Reputation: 3909
you have a class or ViewController using model/service class like so:
@interface MainViewController : UIViewController <TweetServiceDelegate> {
NSArray *_tweets;
}
@property (nonatomic, strong) TweetService *tweetService;
@end
@implementation MainViewController
- (void)viewDidLoad {
[super viewDidLoad];
[self.twitterService queryForLatestTweets];
}
// delegate methods the tweetservice calls back after async getting data
- (void)querySucceededWithTweets:(NSArray *)tweets {
_tweets = [tweets copy];
}
@end
The reason I ask because the Service has a weak reference to the delegate, which is the ViewController.

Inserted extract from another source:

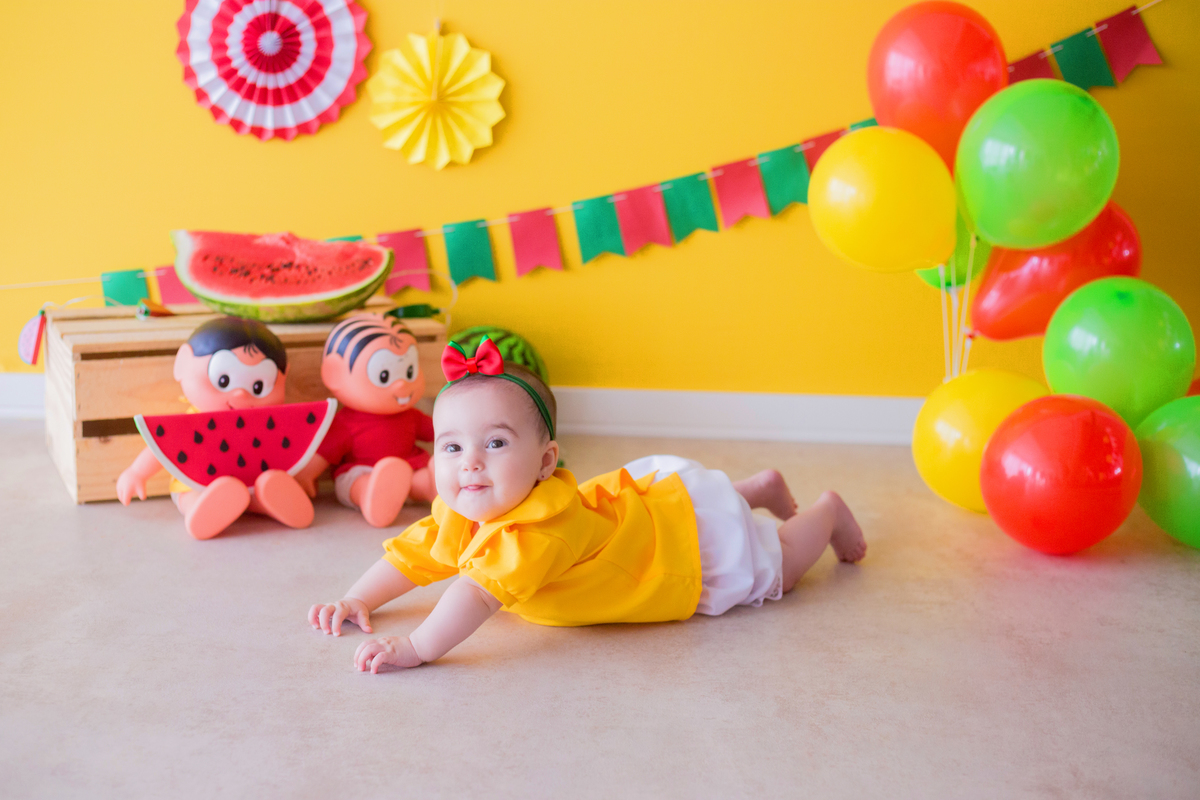 acompanhamento mensal de bebe caxias do sul figurino cenario tematico  personagem foto infantil serra gaucha fotografia familia mundo azul rosa ensaio fotografico crianca newborn baby menino menina smash the cake esmague o bolo banheira urso circo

So I know with ARC you don't want 2 things that use each other to both have a strong reference, so if it's weak but the ViewController retains the NSArray, then the Service wouldn't be collected once it went out of scope, assuming the service did go out of scope but the ViewController didn't
@interface TweetService
@property (nonatomic, weak) id<TweetServiceDelegate> delegate;
@end
@implementation TweetService
- (void)queryForLatestTweets {
// do the query with AFNetworking, when succeed block fires, call the delegate
[self.delegate querySucceededWithTweets:arrayOfTweets];
}
@end
Upvotes: 0
Views: 83
Reputation: 794
I will say YES it is good to use because...
if you are not copying that array just simply assign _tweet = tweet array.
then if you are doing change in any one of the array it will affect to other array..
so Yes i will suggest you to use COPY method such time...
Thanks.
Upvotes: 0
Reputation: 1459
I would say this is rather the recommended way of doing this sort of things. The service is held strongly by the controller that needs it, but the service holds the controller only weakly as a delegate because it does not need to know what its delegate is -- or even if it exists -- to function.
When the service returns something through delegate methods back to its delegate, the delegate should claim ownership of the data. The preferred way is to copy
, since the delegate does not know anything about the return value's lifecycle. copy
makes a new instance that can be think as a "snapshot" of the data. Working on this "snapshot" guarantees that your data are not modified when you don't want them to. This effectively decouples the service and the delegate.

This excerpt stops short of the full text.